Jennifer Aniston plays a woman being benevolently stalked by a motel manager, Steve Zahn. (Samuel Goldwyn Pictures)
'Management" has two things going for it: Steve Zahn and Jennifer Aniston. Luckily, those are two very good things.
Writer-director Stephen Belber has created a somewhat standard quirky-indie universe here, the sort filled with unlikely encounters, uncomfortable-but-sweet characters and somewhat random and sudden alliances, and with lesser actors his film might feel flimsy instead of whimsical.
But no one does the truly innocent grown-up thing better than Zahn, and Aniston -- as she's proven with small films "The Good Girl" and "Friends With Money" -- seems to love crawling inside conflicted women characters.
Aniston plays Sue, a woman who sells packaged art to corporations and hotels, stopping at a small town hotel for a couple of days while on a business trip.
Enter Zahn as Mike, son of the motel's owners, precisely the sort of awkward, lost but genuine soul who pops up in films like this. He decides to clumsily hit on Sue by delivering champagne to her door. And he's just odd enough that she offers him encouragement.

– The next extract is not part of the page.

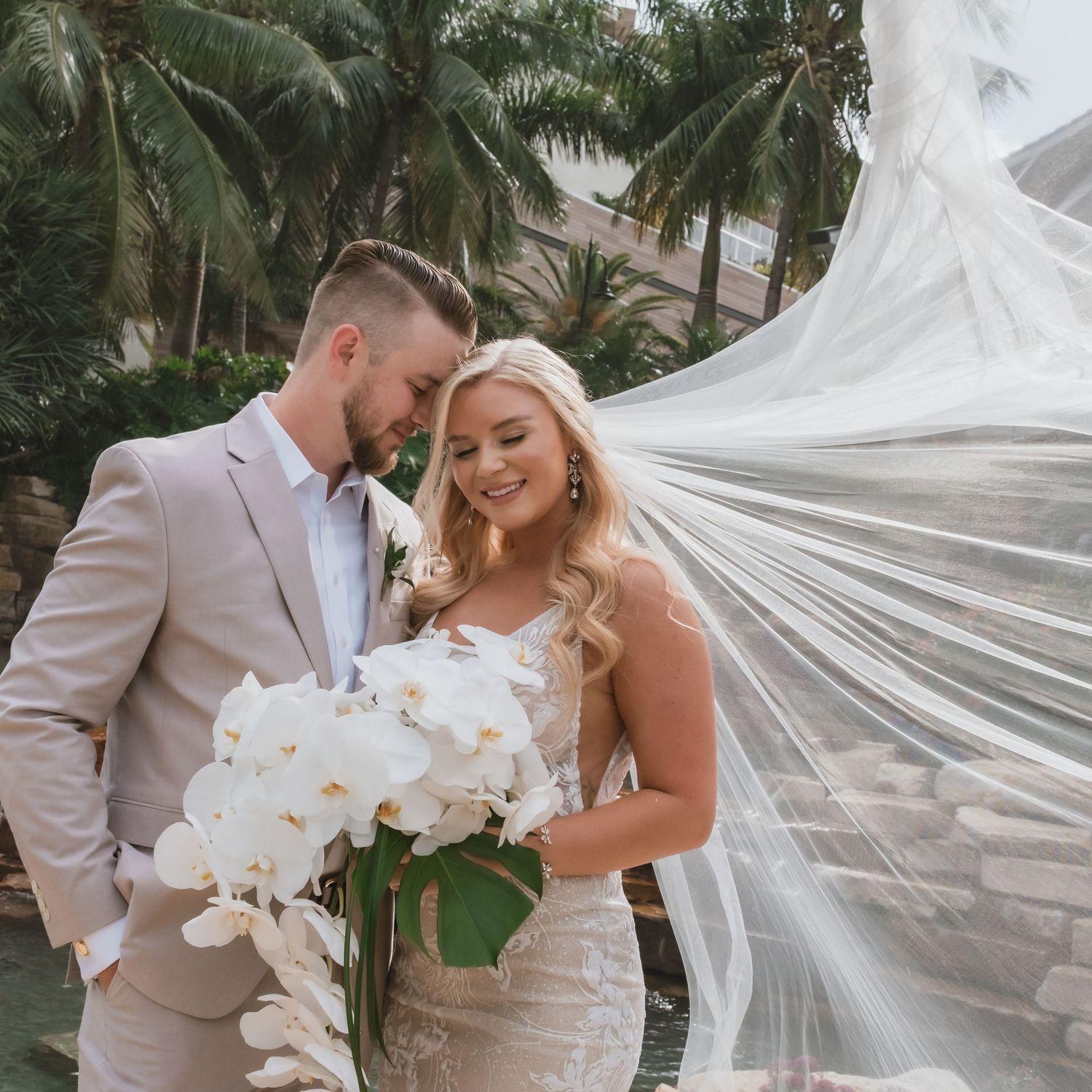 Bride and groom share romantic moment with flowing veil and white orchid bouquet surrounded by tropical palms.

Which turns Mike into a benevolent stalker of sorts as he follows her home to Maryland, and then later to Seattle, where she's moved in with her on-off boyfriend (Woody Harrelson), a punk rocker turned yogurt magnate.
Belber goes a bit far with Mike's Northwest experiences and the film veers into silliness. But the connection between Zahn and Aniston holds the film together to the end.
Those looking for an Aniston star turn may be disappointed as Zahn gets more screen time. But the easy chemistry between the two makes "Management" an admittedly slight but unabashedly sweet pleasure.